Roles: What Exactly Am I Doing Here?

Roles: What Exactly Am I Doing Here?

The Transition from Generalizing to Specializing


You know how that goes, right? As an entrepreneur, you started out being everything to every part of your business and maybe you are still in that situation. Depending upon the nature of your business, it is next to impossible to define roles in the start up years; there are a lot of roles needing to be filled, but not enough work in each of them to create a steady job. If this continues into the growth years, it is a recipe for malfunction.

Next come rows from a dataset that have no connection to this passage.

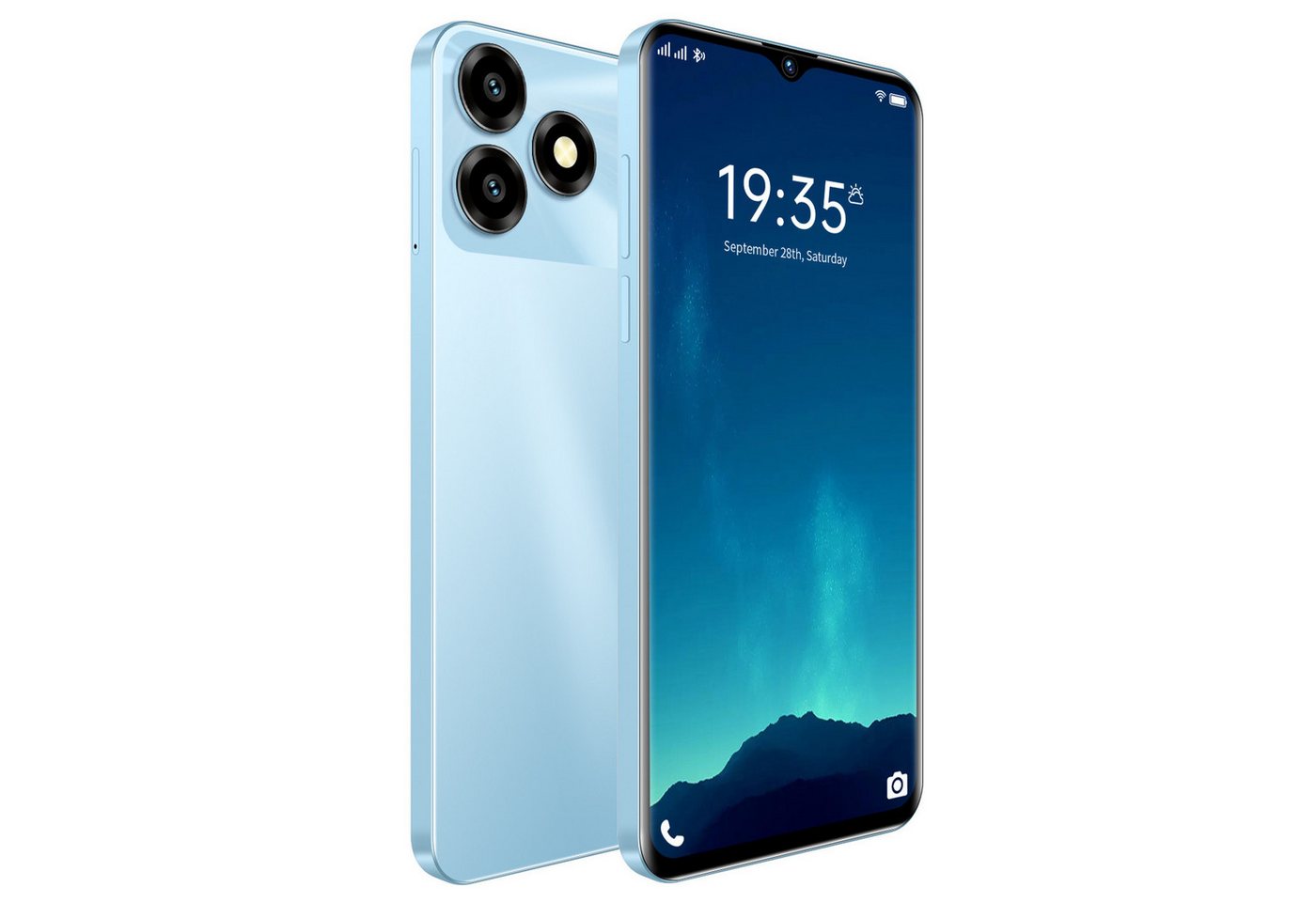 HT Unlocked Android Phone Handy (13 MP Kamera, 4GRAM+64GROM, erweiterbar 128GB, unterstützt 4G FDD-LTE: B1/3/7/38) von HT
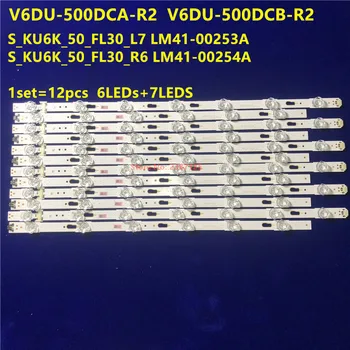 1SET=12BUC Benzi cu LED-uri V6DU-5000CA-R2 V6DU-5000CB-R2 LM41-00253A LM41-00254A Pentru UE50KU6075 UE50KU6072 UE50KU6020 CY-GK050HGNV2H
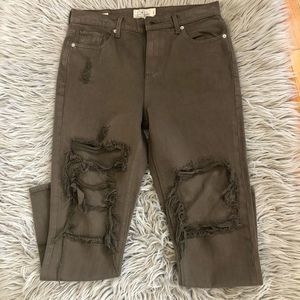 Lucky brand army green jeans “Bridgette skinny size 10 new without tags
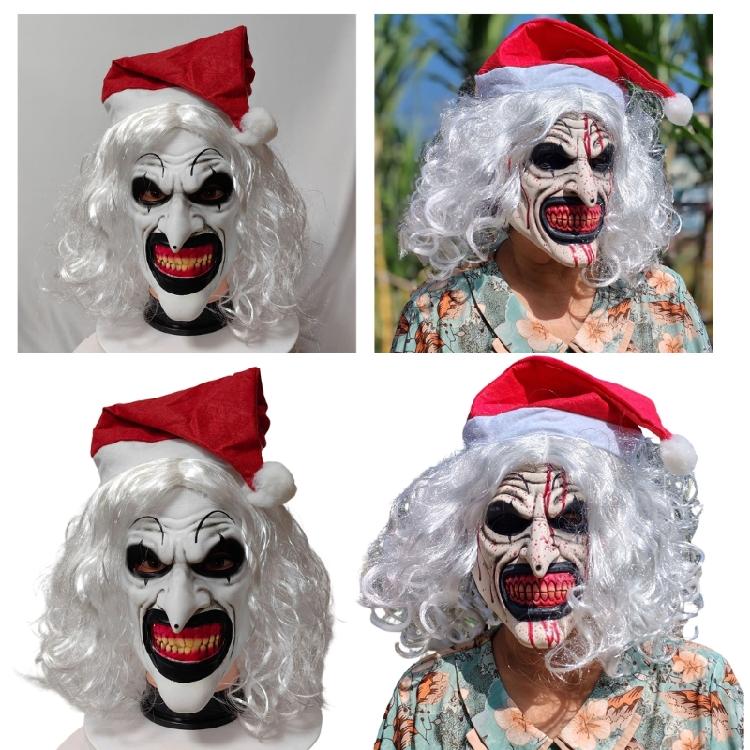 Strašidelná klaunská maska pro dospělé Hororoví zabijáci Klaunská maska Krvavý šašek Celohlavová latexová maska Halloweenský cosplay kostým
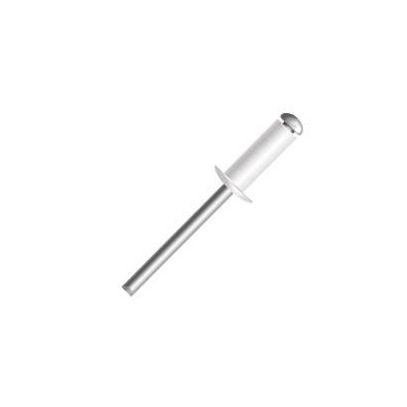 REBITE ALUMINIO 3,2x12 C/(1000) BRANCO MISTER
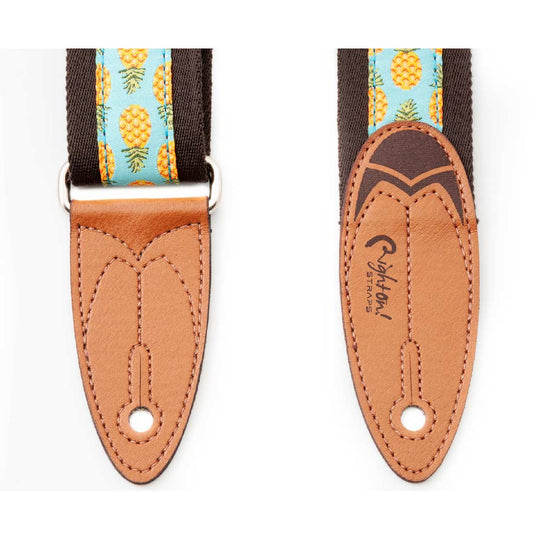 Right On Straps ROADRUNNER Surf Malibu Brown Guitar Strap
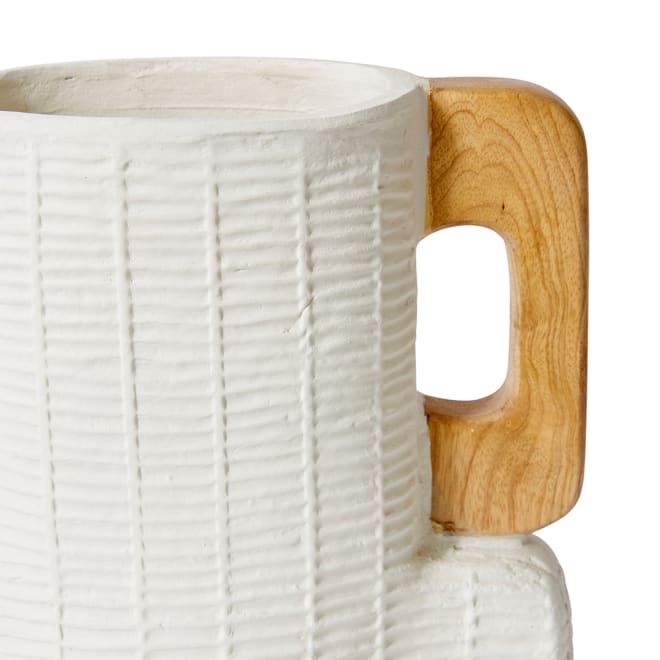 Jafar Vessel - Beige/Natural, 34cm (H)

Perhaps you were fortunate to hire an entrepreneur in employee clothing who could troubleshoot, fill many shoes, identify opportunities and who could figure out a way to get it all done. As time goes on, allowing this sense of ownership with no evolution to a clear path, that kind of employee will either burn out or leave for new opportunities, especially if new hires are also vague about how they fit in. It becomes a competition that no one can win.


You need a plan.


If you find yourself in this kind of situation, where people are stepping on each other’s toes and there is no defined sense of responsibility, it’s time to get clear on the roles within your business. The best place to start is having a chat with your start up allstars, if they happen to still be around. They were a huge part in getting your business up and running and by now they know where they want to focus. They will also have a good idea of where the newer hires will be the best fit. Having a number of people in general roles can make it difficult for you to pinpoint the areas where they can shine.

This is also a good time to make some decisions on creating some positions of responsibility. Your allstars might be perfect for taking on the responsibility for different aspects of the business, like marketing, production or office administration. Find out if they are interested before you get the whole team together and include them in the planning process.

What now? Talk it out. Have an idea jam on what the business needs and what roles need to be defined. Let the team know about the newly defined positions of responsibility and who is the go-to person for what.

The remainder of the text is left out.